I'm hoping someone can spot a mistake before I have to pull out the oscilloscope.

  • 0
    Guru 22965 points

    I don't see anything obviously wrong but the writes to DMA0SA and DMA0DA are inefficient. Because the special function registers and the data array are in low memory, 20 bit addressing isn't needed. It takes a lot of work to shuffle the data around just to prepare for that write. Much simpler is: DMA0SAL = &ADC12MEM0. The upper bits of the source address get cleared on a word write so all is well.

    Oh, I would probably use DMADT_0 so that the transfers stop. With the repeated single transfer mode, the DMAC will reload after DMASZ goes to zero and do it all over again. WIth DMADT_0, it will wait for you to fiddle with DMAEN again.

  • 0 in reply to David Schultz
    Intellectual 305 points

    Thanks for the feedback. When I set DMA0SAL = &ADC12MEM0 and DMA0DAL = &ADC_array[0], CCS warns me about mismatched data types. The application runs, but does not transfer any data from the ADC.

    I confirmed that replacing DMADT_4 with DMADT_0 and resetting DMAEN on every loop works. Setting it up this way was not clear from the system flow chart on the data sheet.
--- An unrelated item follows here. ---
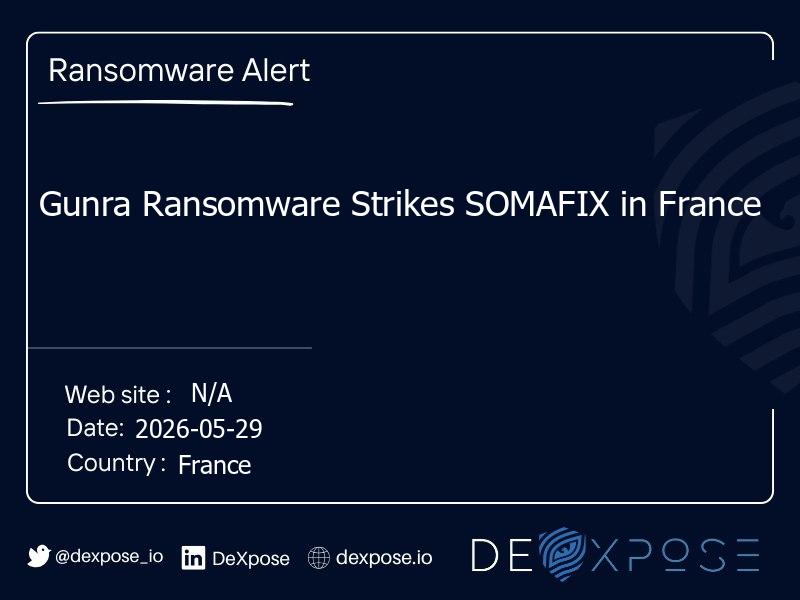 Gunra Ransomware Strikes SOMAFIX in France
I still have to use the 20 bit addressing to make the application work, but it appears I'm losing/missing/truncating data somewhere in the DMA pipeline.

  • 0 in reply to Mike_H
    Intellectual 305 points

    Can confirm that 256 samples from the ADC are not being routed into the main program correctly when using DMA. Instead of seeing 256 well-behaved data points, the data comes through as a smaller set of very large, erroneous numbers at array indexes 0-97. The remaining array points are zero. On the next iteration, huge numbers are found at indexes 97-127 with the rest zero. This behavior repeats on alternate iterations. Clearly, there is a problem configuring data transfer using DMA. I have tried variations of  __data20_write_long  and __data20_write_short without success. Do I need to configure CCS to handle this?

  • 0 in reply to Mike_H
    Guru 96305 points

    Without disagreeing with David, I'll mention that (with CCS) I've only succeeded using something of the form:

    __data20_write_long((uintptr_t)&DMA0SA, (uintptr_t)&ADC12MEM0);

    It may be that GCC deals more gracefully with these registers.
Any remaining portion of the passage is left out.